← ds learning track
notes · 11

CLT & Correlation

This page connects two ideas that sit at the core of inference and risk modelling: why averages become Normal, and how variables move together. CLT explains the behaviour of sample means; correlation explains the structure between variables.

Start with CLT, then move into covariance and correlation, then compare Pearson vs Spearman, and finally use correlation matrices in a validation context.

Why the Normal distribution keeps returning

CLT is one of the reasons statistics works at all. It says that under broad conditions, the mean of many sampled observations tends toward a Normal distribution, even when the original data does not.

The theorem in plain language

Take any population distribution. Draw repeated samples of size n. Compute the mean of each sample.

As n gets larger, the distribution of those sample means becomes approximately Normal.

x̄ ~ N(μ, σ² / n) as n becomes large.

The result is not about the original observations becoming Normal. It is about the sampling distribution of the mean.

Why this matters in practice

CLT is what allows many confidence intervals, z-tests, backtesting bands, and approximation-based validation tools to exist.

In credit risk, observed default rate is a sample mean of default indicators. In portfolio risk, aggregate loss is often the sum of many small random pieces.

Validation context: CLT is most comfortable when observations are independent and no single observation dominates the sample. Dependence and concentration slow convergence.

How to think about CLT correctly

01

Do not confuse population with sample mean

The raw population can stay skewed forever. It is the distribution of repeated sample averages that becomes bell-shaped.

02

Sample size controls precision

The spread of sample means shrinks as n grows. This is why larger samples make the mean more stable.

03

Skewed sources converge more slowly

A heavily skewed source may need much larger n before the Normal approximation becomes operationally safe.

04

Dependence complicates everything

If observations are strongly dependent, CLT still may hold under special conditions, but convergence becomes much less straightforward.

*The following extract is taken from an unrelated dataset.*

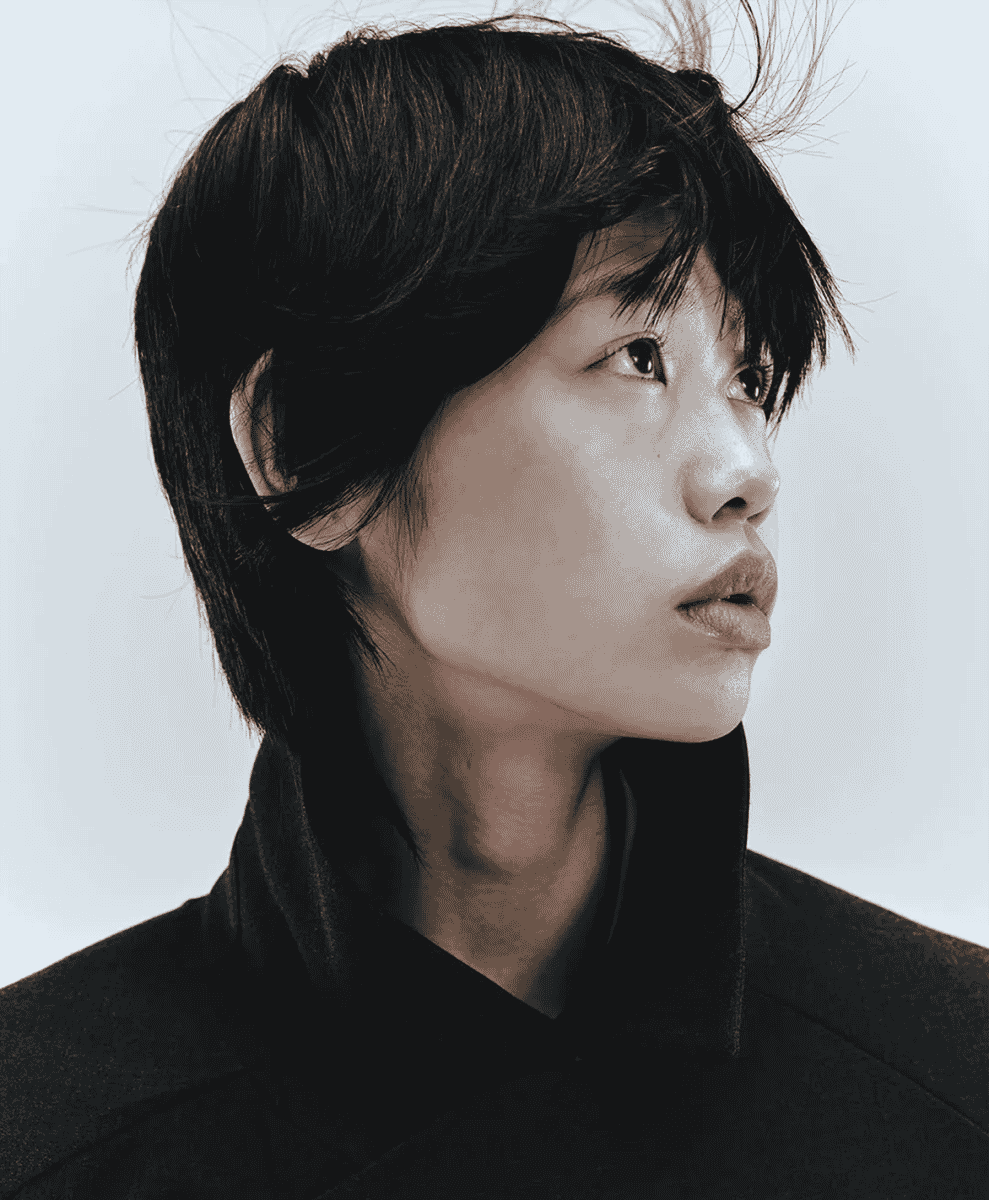 A close-up studio portrait of a person wearing a high-collared minimalist black coat.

Watch the sample mean become Normal

Choose a source distribution, set the sample size, and repeatedly draw samples. The top chart shows the source population shape. The bottom chart shows the distribution of sample means.

Source distribution

Distribution of sample means — 0 samples

sample means histogram theoretical normal overlay

Controls

Sample size (n)5
Pop. Mean (μ)
Pop. Std (σ)
Mean of x̄
Std of x̄
Theoretical SE
σ / √n
|Skewness of x̄|
smaller = more normal
Try this: start with Exponential at n = 2, then move n to 30. You will feel why “CLT exists” more than you would from any theorem statement.
x̄ ~ N(μ, σ² / n)
SE = σ / √n

How fast does CLT converge?

Not all source distributions converge at the same speed. A symmetric source reaches approximate normality much faster than a heavily skewed one.

|Skewness of x̄| vs sample size

Uniform Exponential Bimodal U-shaped

Interpretation

The lower the absolute skewness of the sample-mean distribution, the closer it is to a bell curve.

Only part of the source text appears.